The undercover operative was “a little-known lobbyist,” Tyron B. Ali, who had previously been arrested and convicted of fraud to the tune of $430,000. The investigation stated that Ali would dole out bribes in order to buy votes from lawmakers. Ali gave Brown $2,000 as a way to ensure that she would vote against a voter ID bill that was being passed in the House.
This lone example seems odd, however, considering that every House Rep. voted against the bill, so there is no reason to assume that Brown would not have voted that way regardless.
But Kane’s dropping of the case angered prosecutor Frank G. Fina, who said that he was taken aback by Kane’s allegations of racism driving the case. The Inquirer described the relationship between Kane and Fina as “strained.”
Kane said that the Inquirer’s assertion of their relationship is incorrect.
“I do not have any animosity towards the lead prosecutor of this case,” Kane said. “I do not know the former prosecutor any more than I know the individuals targeted in this investigation. If the former prosecutor believes the case is strong enough to move forward, he currently has concurrent jurisdiction in public corruption matters.”
Kane released an extensive statement Sunday night, distancing herself and her administration from the investigation
“The allegations made by several cowardly anonymous sources in today’s Philadelphia Inquirer paint an inaccurate and sensational version of the details and timeline of events related to Case File No. 36-622. The real truth is that this investigation was not only deeply flawed, but unraveled long before I was elected and then took the oath of office.
“The majority of the work, including more than 91 percent of the recordings by a confidential informant, took place 18 months prior to my inauguration, through three former Attorneys General. Additionally, when prosecutors dismissed more than 2,000 serious charges of fraud that alleged their informant stole $430,000 meant for poor children and seniors, they crippled the chance of this case succeeding in prosecution. Despite the case originating in 2010, this agreement to drop the charges was signed just 24 days after I was elected and weeks before I was sworn in.
“After a detailed review, we learned even more disturbing information regarding this case, including that there may have been a racial focus to the targets of the investigation, improper reporting, inadequate resources and inadmissible evidence.
“In addition, extremely alarming flaws were found in the management of the prosecution, including the failure of prosecutors to disclose the investigation to key immediate supervisors. Then-Chief of Staff Bruce Beemer was never informed of the investigation until I first learned of it on Jan. 17, 2013.”
The Inquirer did state in their article that it “pieced together the story of the aborted investigation from interviews with more than a dozen people familiar with different aspects of the inquiry – and with widely differing opinions of it.”
It should also be mentioned that the Senior Counsel to the Attorney General stated that it was “not advisable or warranted” to prosecute the case further. The Counsel also stated that no evidence existed outside of the audio collected, and “adequate resources were not dedicated to the investigation.”

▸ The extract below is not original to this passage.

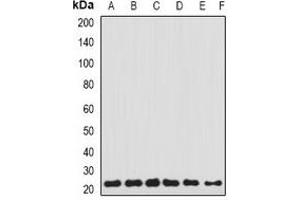 Western blot analysis of Transgelin-2 expression in HEK293T (A), Hela (B), THP1 (C), MCF7 (D), SKOV3 (E), mouse lung (F) whole cell lysates. (TAGLN2 抗体)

Moreover, “the evidence developed was inconsistent, underdeveloped and lacked focus. More importantly, the evidence failed to establish the critical criminal element of ‘quid pro quo’ or cash payments directly in exchange for official action.”
The report also stated that “the OAG Agent indicated that he was instructed by his supervising OAG Attorney to focus only on members of the General Assembly’s Black Caucus and that when he had information of potentially illegal acts by white members of the General Assembly he was specifically told not to pursue it.”
Out of the 113 tapes that Ali submitted as evidence, 108 of them were of African American targets.